Шатен ответил не сразу, меланхолично наблюдая за местными студентами, жадно и одобрительно пожирающими взглядом троих девчонок, оказавшихся в центре событий. И на то была причина: не успели по помещению разлиться первые тяжелый басы, нежные переливы скрипки и тонкие ноты фортепиано, как женские тела на импровизированной сцене пришли в движение.
Похоже, местные обитатели вполне знали, что планировали, и на что шли — и минуты не прошло, как весь кафетерий замер, глядя на слаженный, чувственный, и дерзкий танец юных танцовщиц, среди которых своей озорной улыбкой выделялся кто-то с очень яркой шевелюрой.
Танцевала он красиво и зажигательно, да. Полностью отдаваясь во власть музыки, переставая замечать кого-либо вокруг. Это было красиво, невероятно, возбуждающе.
Вот только…
— Ничего личного, Осман, — сидящий за последним столиком шатен, не выдержав представшего перед ним зрелища, наклонившись, с силой сжал пальцами переносицу. — Твои ученицы, как всегда, выше всяких похвал.
— Но? — иронично вскинув брови, поинтересовался турок с заметным любопытством в голосе.
— Но, — хмыкнув, добавил шатен, бросив презрительный, уставший взгляд на сцену, аккурат в тот момент, когда роскошные разноцветные кудри, извиваясь в бесстыжем танце, хлестнули по изящному изгибу спины — На рыжих с недавних пор у меня аллергия.
Глава 1
Я думала, что разучилась танцевать.
Думала, что потеряла свои крылья.

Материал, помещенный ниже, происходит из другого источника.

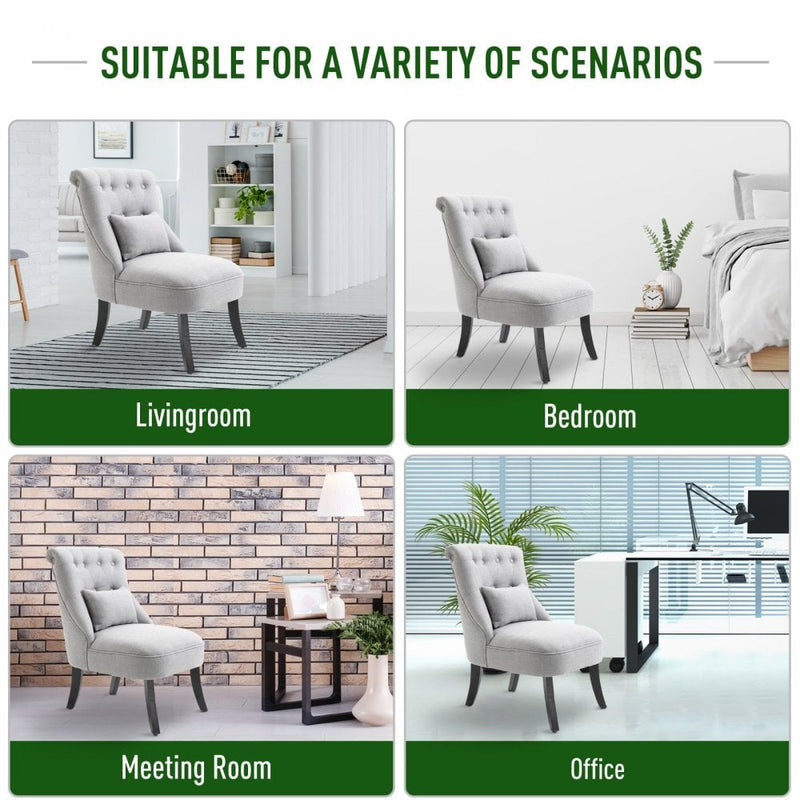 Solid Rubber Wood Tufted Single Sofa Chair with Pillow - Grey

Разучилась, забыла… Забила. Не хотела, не могла, не пыталась…
Ни-фи-га!
С первых нот, с первых битов, с первых щелчков пальцев тело пришло в движение само собой!
А дальше… а дальше это было уже не остановить. Всё это: музыку, льющеюся вместо крови по венам, тело, раскованно и привычно уходящее в отрыв… И мозг, как всегда сваливший в неизвестность, тактично сделав ручкой на прощанье.

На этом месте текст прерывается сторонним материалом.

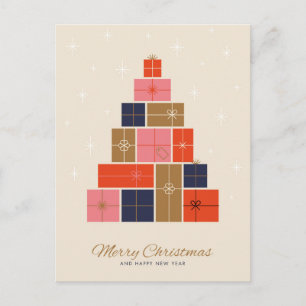 Cartes Pour Fêtes Annuelles Sapin de Noël en Pile de Cadeaux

Я знала — этот гаденыш еще обязательно вернется, и особо не беспокоилась. Всегда возвращался, засранец, под одобрительные вопли, аплодисменты, свист и улюлюканье. Довольный такой, сытый, чуть ли не урчащий от удовольствия, будто это его возвращению аплодировали, а не нашим танцам!
Я в шутку ворчала и называла это раздвоением личности и разделением сущности — но мне всё равно нравилось. Как и осознание: как только перестану танцевать, я перестану жить.
Переломайте мне ноги, и я стану хуже последнего наркомана, загибающегося без желанной дозы!
Да что там говорить: вон, девчонки мои абсолютно такие же, раскрасневшиеся, запыхавшиеся, но счастливые… Еще и подмигнули коварно, подбивая на очередную авантюру. Соглашаться, конечно, не хотелось, все-таки перерыв был длительный. Тело и так протестующее ныло в духе «хозяйка, ну ты чего? Стары мы уже для таких приколов!».
Ныло. И при этом вслед за бандой решительно сигануло со столов коротким сальто!